At the center of The Tribe, there’s a romantically intertwined trio: belligerent, over-sexed Berger (irresistible Andrew Polec); deeply conflicted Claude (appealing, endearing Tyler Hardwick); and activist Sheila (powerhouse Storm Lever, who has made memorable appearances in three prior high-profile San Diego productions: “Almost Famous” at the Globe and, at the La Jolla Playhouse, “Summer: The Donna Summer Musical” and “Fly”).
Then there’s hunky Hud (Alex Joseph Grayson); pregnant Jeanie (Jaygee Macapugay), peaceable Woof (Angel Lozada); eccentric Crissy (Bailey Day Sonner), who does a great job with the aching song of loss, “Frank Mills”); and big-voiced Dionne (Nyla Sostre), who kicks it all off with “Aquarius.” The total ensemble features 16 performers, two of whom (Luke H. Jacobs, Bethany Slomka) are locals.
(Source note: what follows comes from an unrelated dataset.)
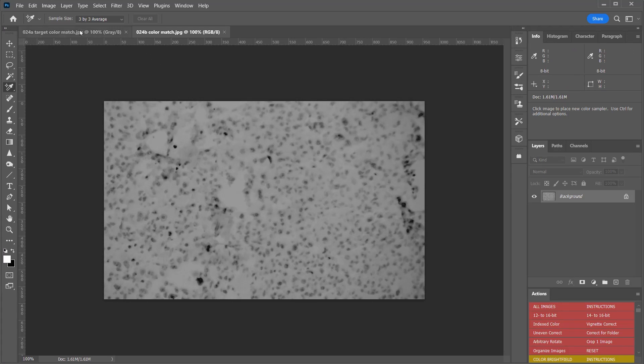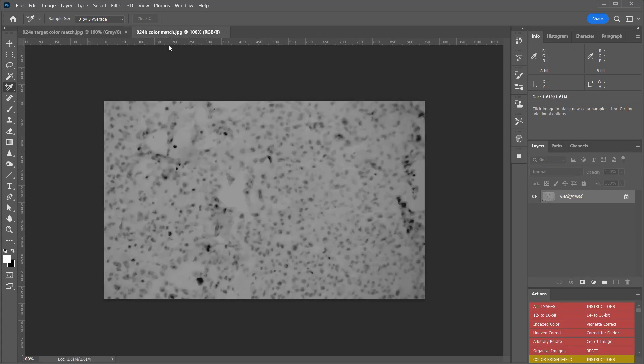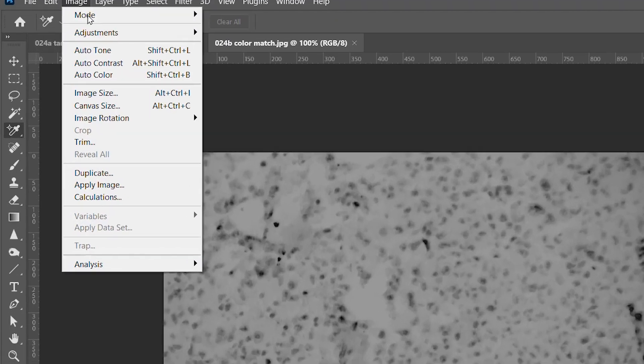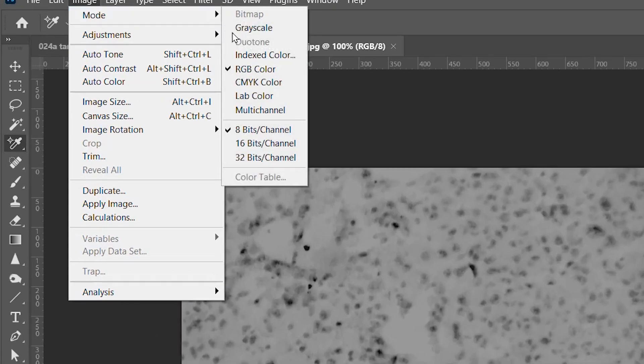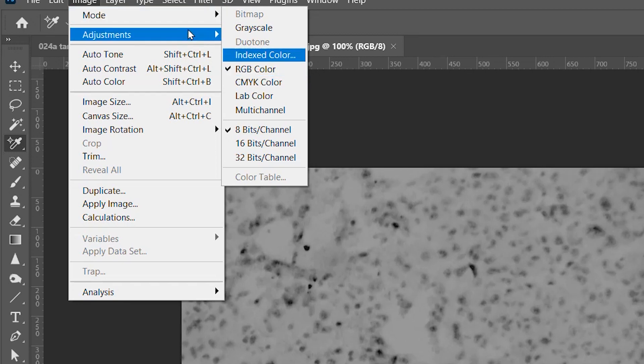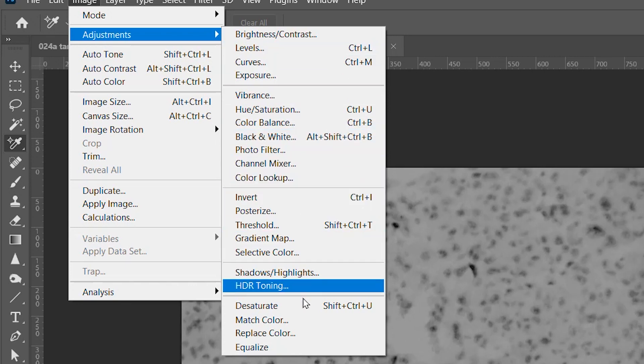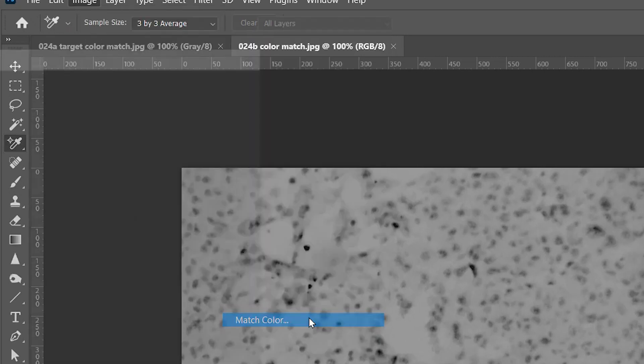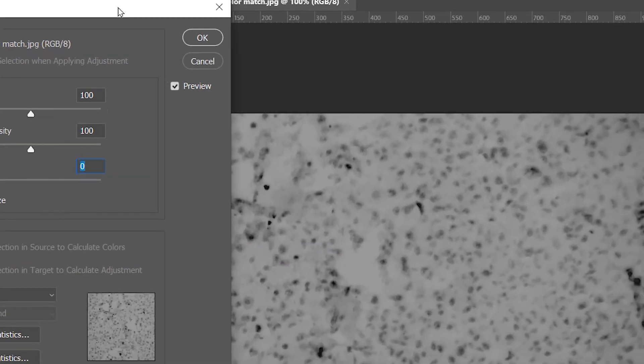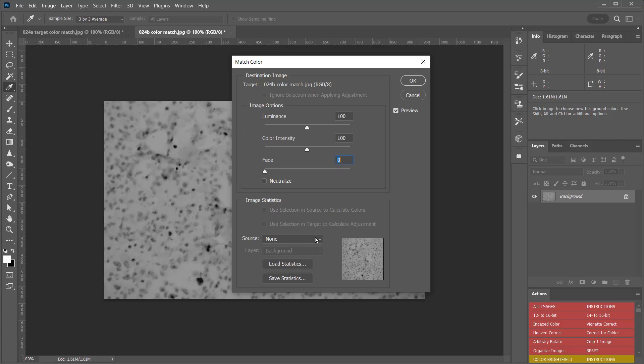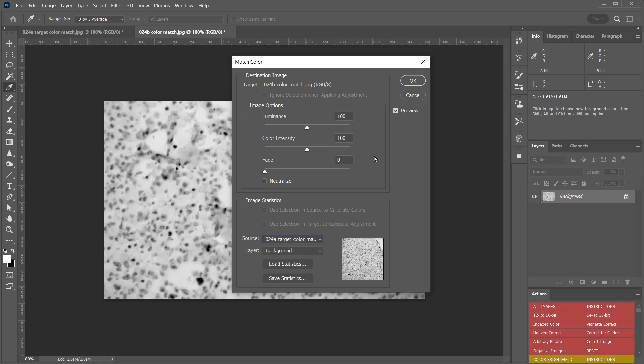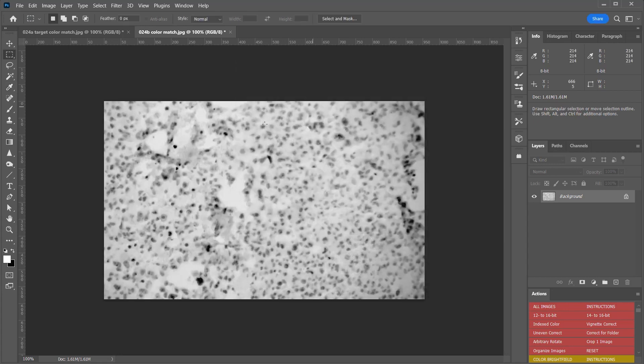To do that in Photoshop, here I have two images, one that's darker than the other, and I want to match the darker image to the lighter image. First of all, the image has to be in color mode, RGB color mode. Once it's in that mode, you can go to Adjustments, and then go to Match Color. To set tones of one image to match the other, under Source, choose the other image, and now both tonal ranges will match.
It’s a highly talented, multi-cultural cast (true of the original, too), that conveys more of a mindset than a story, in some 40 songs.
There isn’t much narrative or dialogue, but Claude’s ambivalence about the war — and his extended, drug-induced hallucination in Act 2, ingeniously conveyed with huge, puppet-heads — becomes the through-line. However, his ending (and the show’s) is murky and unsatisfying.
The lighting (Amanda Zieve) is exuberant, but the sound (Ken Travis) is variable. The solo numbers come through crisp and clear, but when the ensemble sings, the miking often makes it difficult to discern the words.
The late ‘60s was the best and worst of times. Seeing the show again made me long for those times — when you could tell at a glance, by how people dressed and acted and wore their hair, which ‘side’ they were on in terms of multiple critical issues (drugs, the war, music, etc.). To be young at that time (college for me, not high school), was to feel a part of something vital, personal and electrifying. We truly believed in the power of peace and love — until the 1969 violence of Altamount and Manson made it all come tumbling down
But oh, how glorious to reminisce for two hours, under the stars.
Treat yourself, transport yourself, and revisit the brief, golden Age of Aquarius.
©2021 PAT LAUNER/Patté Productions, Inc.